I use the term “kid” advisedly; he was a high school student at the time. He’d be in his thirties now. Of all the people at that murder trial, he’s the one I’ll never forget.

Here’s the back-story: Fifteen years ago I received a letter informing me I was selected for jury duty.  I fall into the “many times summonsed, rarely chosen category.” I’ve never tried to wriggle out of serving, but I rarely made it past Voir Dire.

This time I was chosen. It marked only the third time I’d been selected to help decide the legal fate of an accused fellow citizen. First time, it was a marijuana case (Not guilty.). Second was Felony Burglary (Guilty). The tiebreaker would be a charge of First Degree Murder. 

As is so often the case, it was a stupid murder—senseless, useless, bewildering. A teenager had been chased down and cornered in the courtyard of his high school. He was then executed at point blank range. There were many witnesses as this took place at high noon during a crowded school lunch hour. Quick arrests had been made.

Two separate trials would try two defendants for the crime. Our jury was not deciding the fate of the shooter. Our accused young man had allegedly driven the shooter to and from the scene of the crime. The defendant’s court appointed lawyer even admitted his client was the driver, but then argued his client had no idea a crime was about to be committed, and was thus not guilty. 

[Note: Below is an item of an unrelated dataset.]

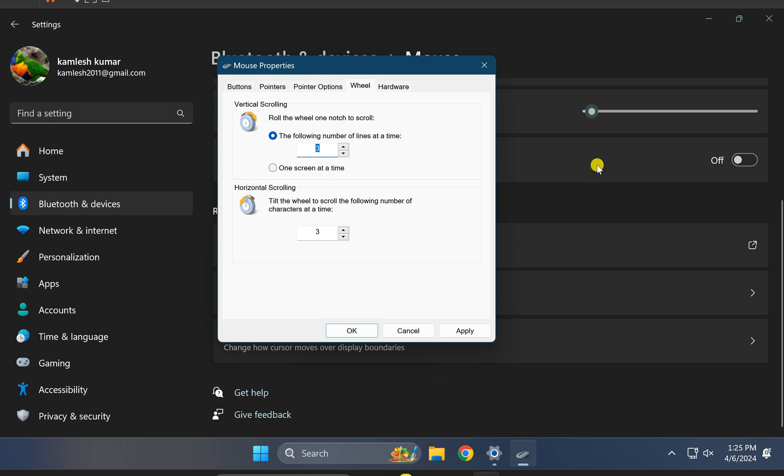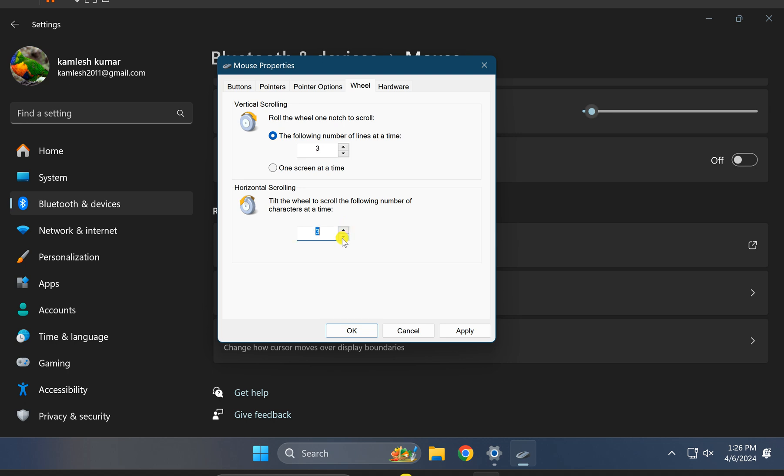Under Horizontal Scrolling, you can also increase or decrease this value by using the up and down arrow buttons. After making the changes, click on Apply.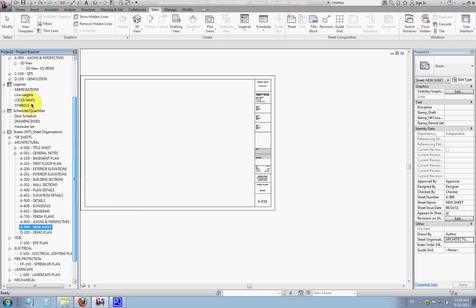So, that covered basic project browser organization and creating new sheets.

The defendant had not shot anyone. He had not gotten out of the car. What he had done was drive the shooter—who was carrying a long rifle with him—to the scene, stopped and let him out. The defendant then waited, engine running, for the kid with the rifle to return to the car. When he saw a foot chase that led the shooter and his victim to another part of the parking lot, the defendant drove over near where the boy was being executed and waited for his passenger to return. Once back inside the car, the defendant drove both of them away from the scene at high speed.

The driver was being tried as an accomplice under the Felony Murder Statute.

Here’s one online definition of “Felony Murder”

“Rule of Law that holds that if a killing occurs during the commission or attempted commission of a felony (a major crime), the person or persons responsible for the felony can be charged with murder.

The judge explained the law to the jury and the prosecutor took great pains to make sure we understood its implications and limitations.  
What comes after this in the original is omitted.